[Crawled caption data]
-.-.-

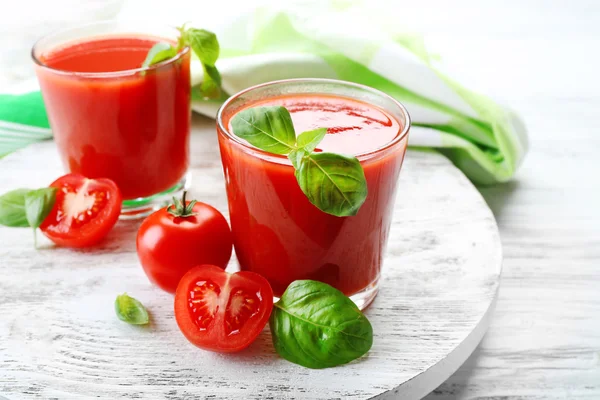 Szklanki soku świeżych pomidorów na drewnianym stole, zbliżenie — Zdjęcie stockowe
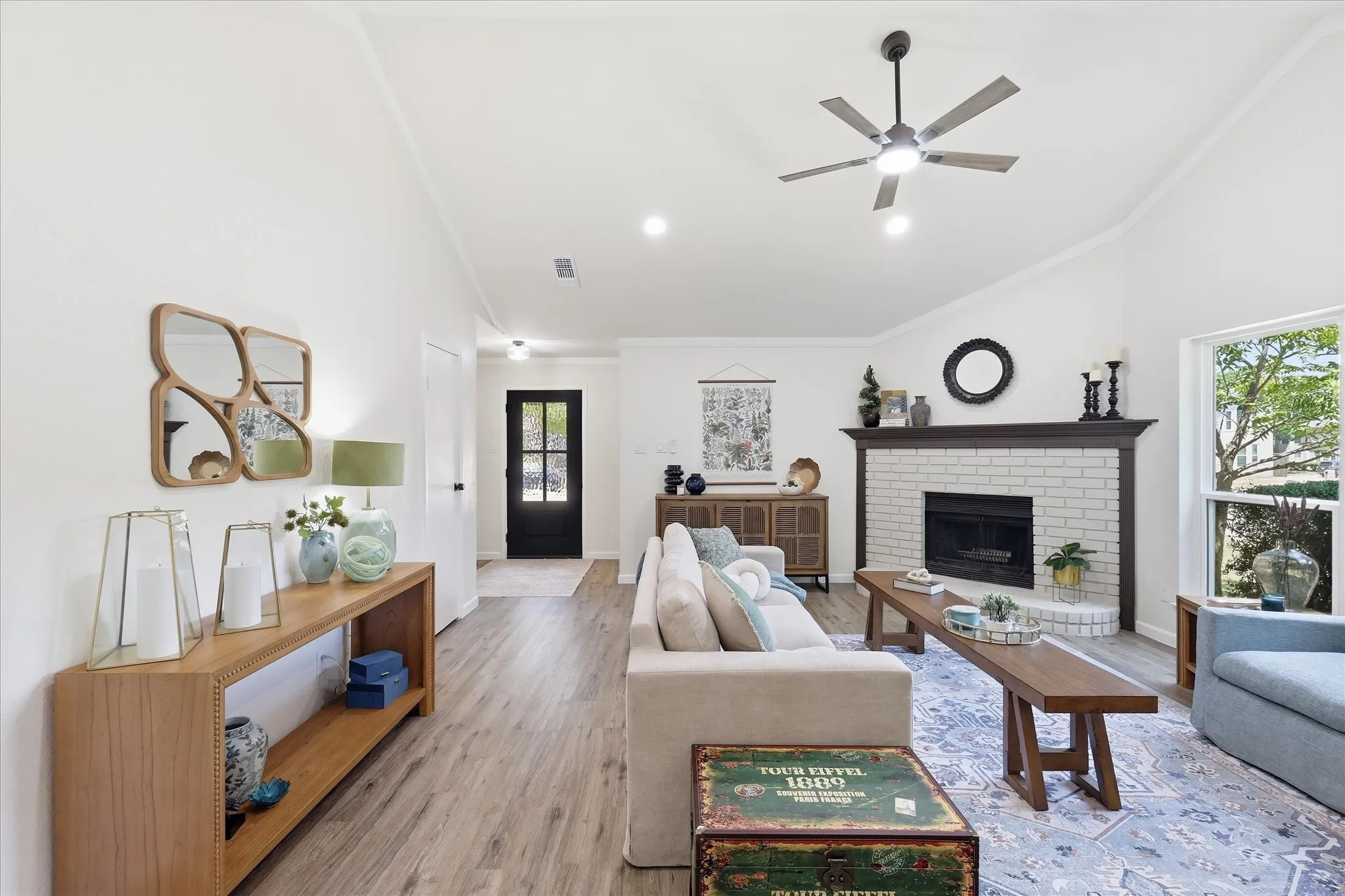 Vaulted ceiling with a ceiling fan, white brick fireplace with dark wood mantel, wood-finish flooring, and recessed lighting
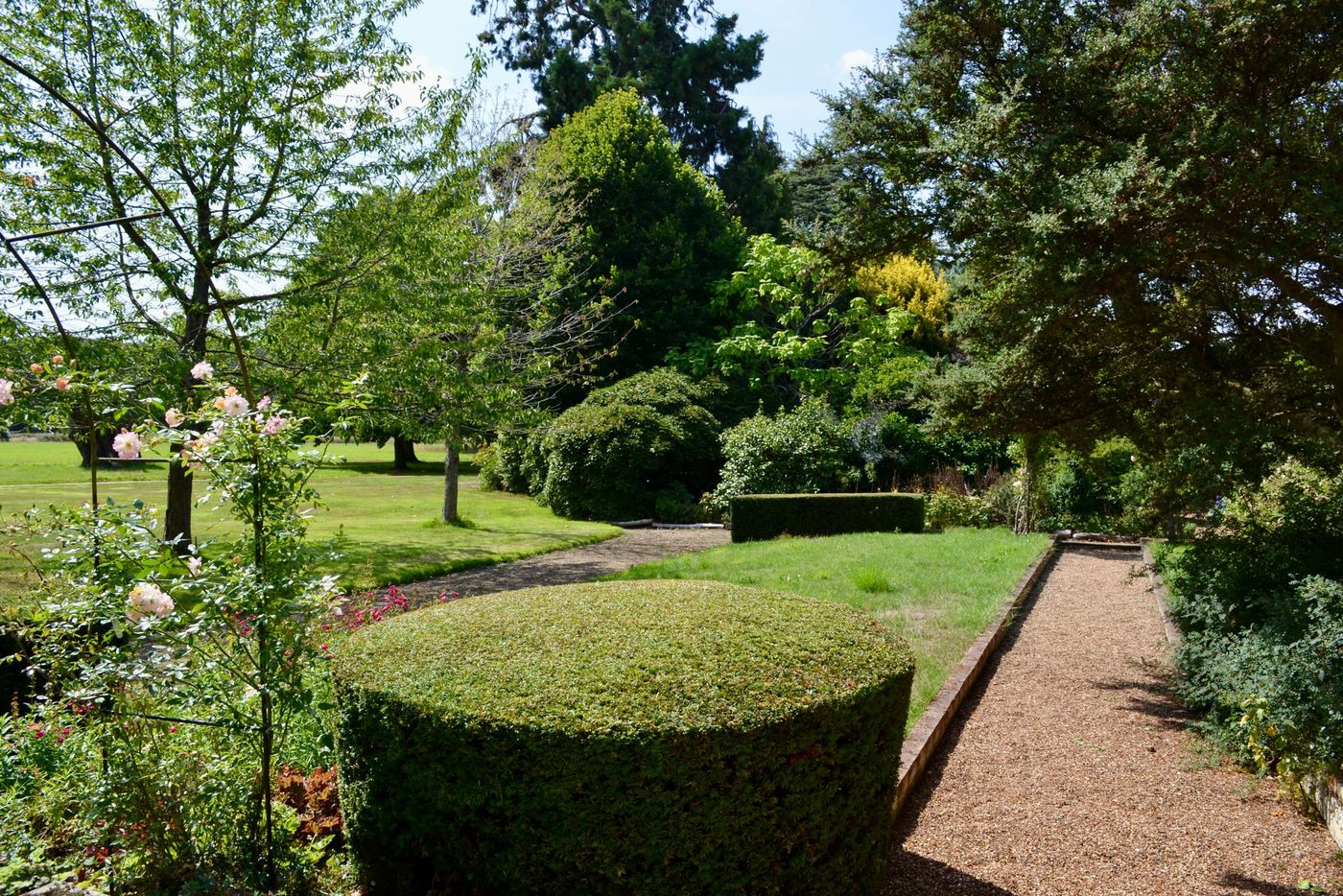 A well-kept garden with a clipped box hedge, gravel path and mature trees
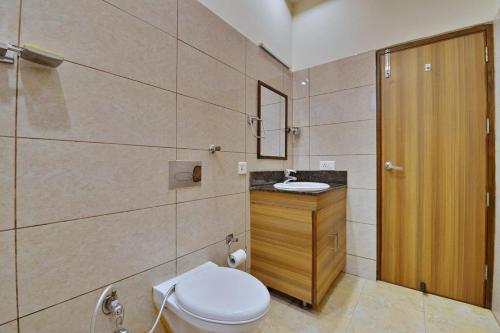 a bathroom with a toilet and a sink at Hotel Aricent in Chandīgarh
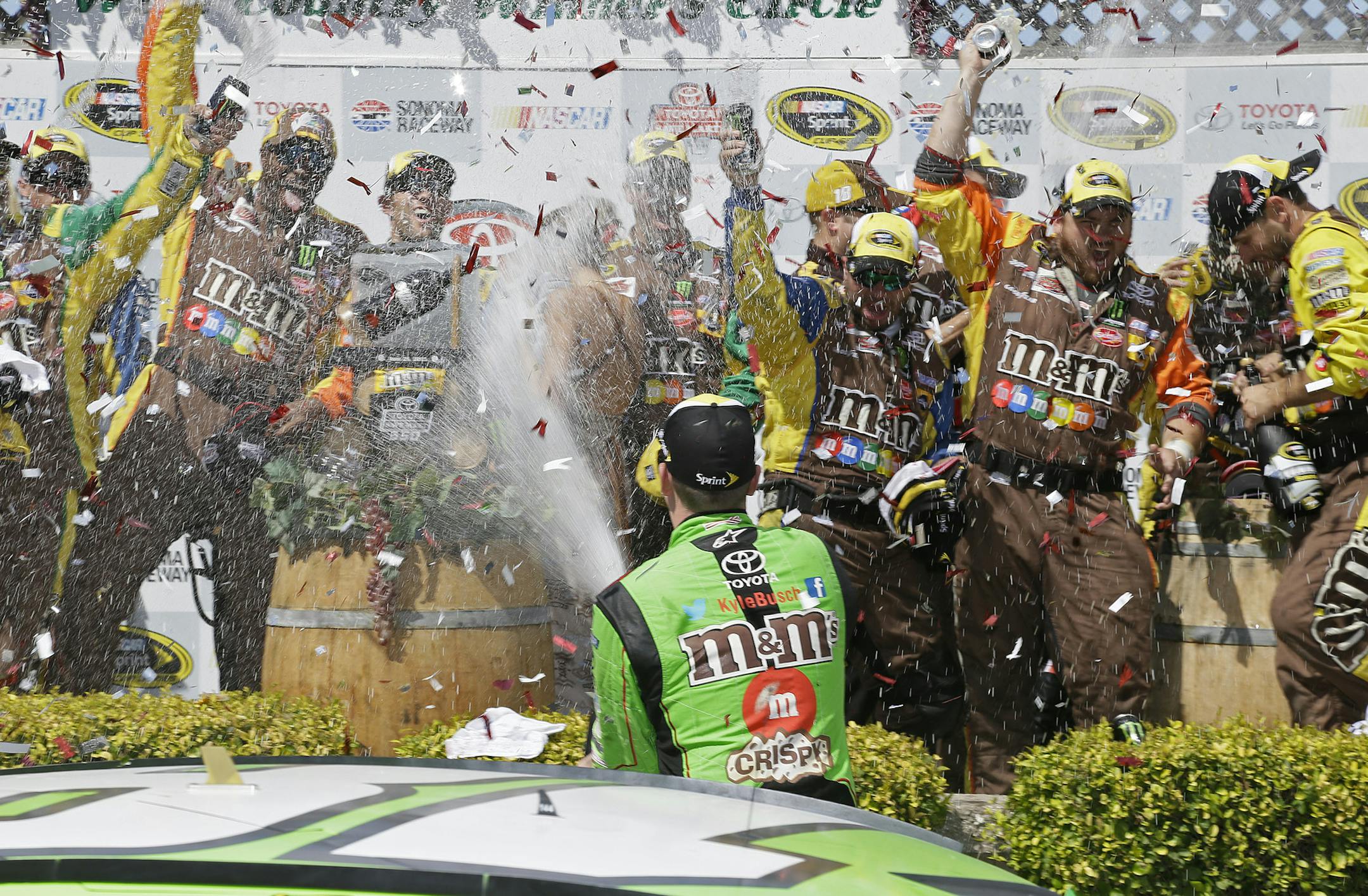 Kyle Busch sprays his crew after winning the NASCAR Sprint Cup Series auto race Sunday, June 28, 2015, in Sonoma, Calif. (AP Photo/Eric Risberg)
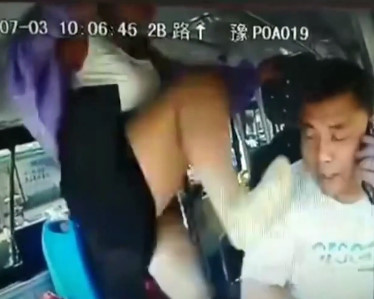 Woman Attacked Driver Before Bus Plunged Off Chinese Bridge, Killing 15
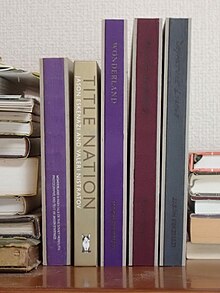 From left to right: Wonderland (2009), Title Nation (with Valeri Nistratov), Wonderland (2020), Black Garden, Departure Lounge Photobooks by Jason Eskenazi.jpg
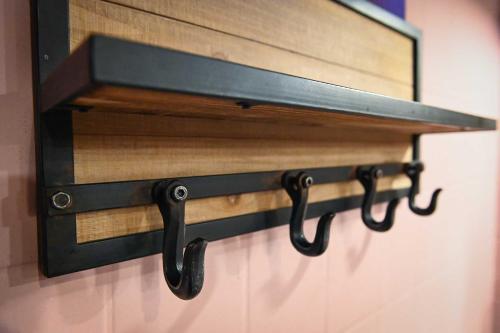 a black towel rack hanging on a wall at Green Tiny Village Harz - Sleep Space 33 in Osterode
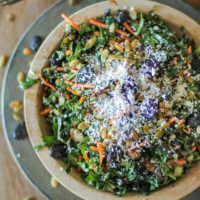 Kale Salad with Dried Cranberries, Pumpkin Seeds, Cotija Cheese, and Lemon Parsley Dressing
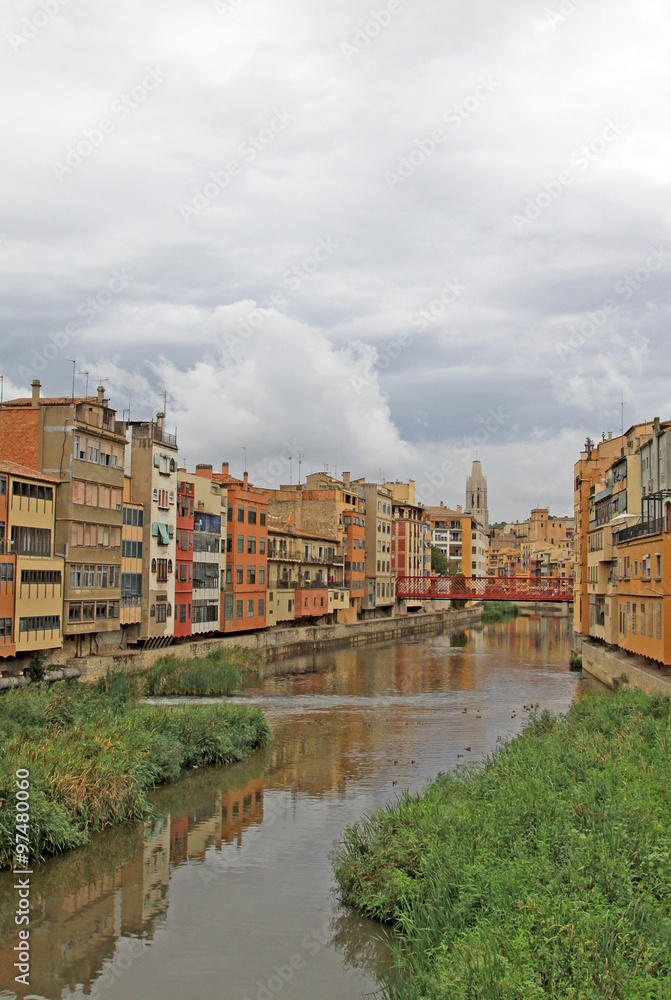 GIRONA, SPAIN - AUGUST 30, 2012: View of the old town with colorful houses on the bank of the river Onyar GIRONA, SPAIN - AUGUST 30, 2012: View of the old town with colorful houses on the bank of the river Onyar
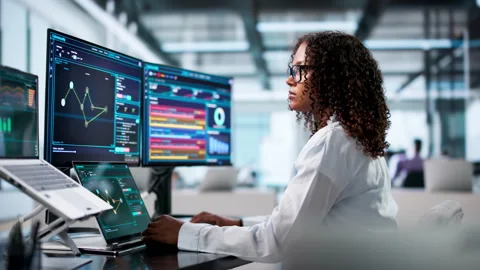 Cybersecurity Analyst Monitors Network Threats Using Laptop Stock Footage 339910858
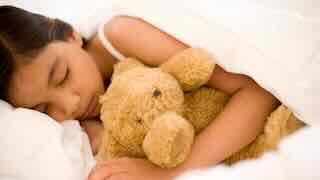 Une jeune fille qui dort avec un ours en peluche.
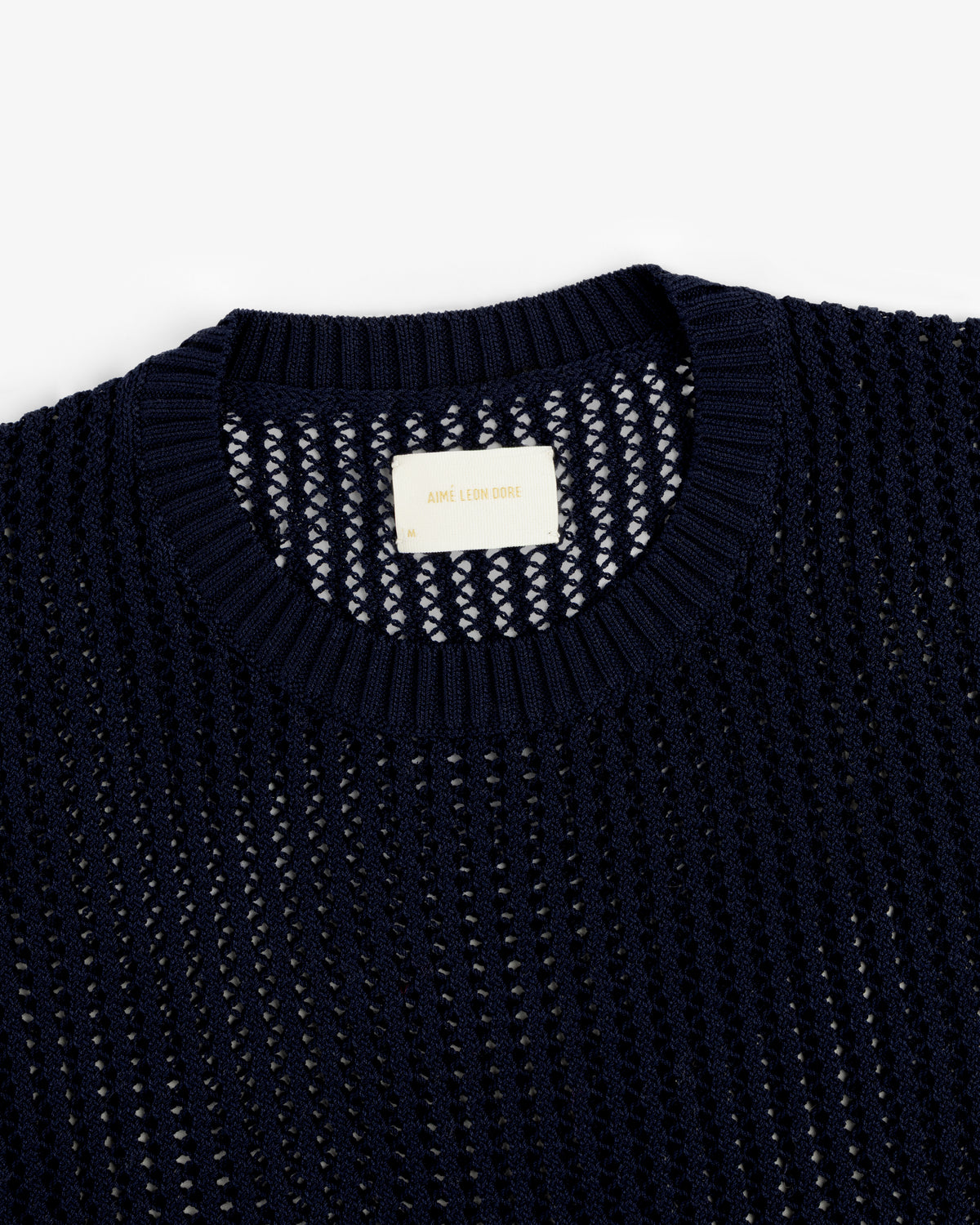 Navy blue Cotton Eyelet Crewneck Sweater with a ribbed collar and an Aimé Leon Dore label inside the neckline.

-.-.-

EXERCISE INSTRUCTIONS => Starting with the line that has "A well-kept garden" and ending with the line that has "Woman Attacked Driver", repeat the lines above exactly, omitting every picture.

ANSWER FOR THE TASK =>
 A well-kept garden with a clipped box hedge, gravel path and mature trees
 a bathroom with a toilet and a sink at Hotel Aricent in Chandīgarh
 Kyle Busch sprays his crew after winning the NASCAR Sprint Cup Series auto race Sunday, June 28, 2015, in Sonoma, Calif. (AP Photo/Eric Risberg)
 Woman Attacked Driver Before Bus Plunged Off Chinese Bridge, Killing 15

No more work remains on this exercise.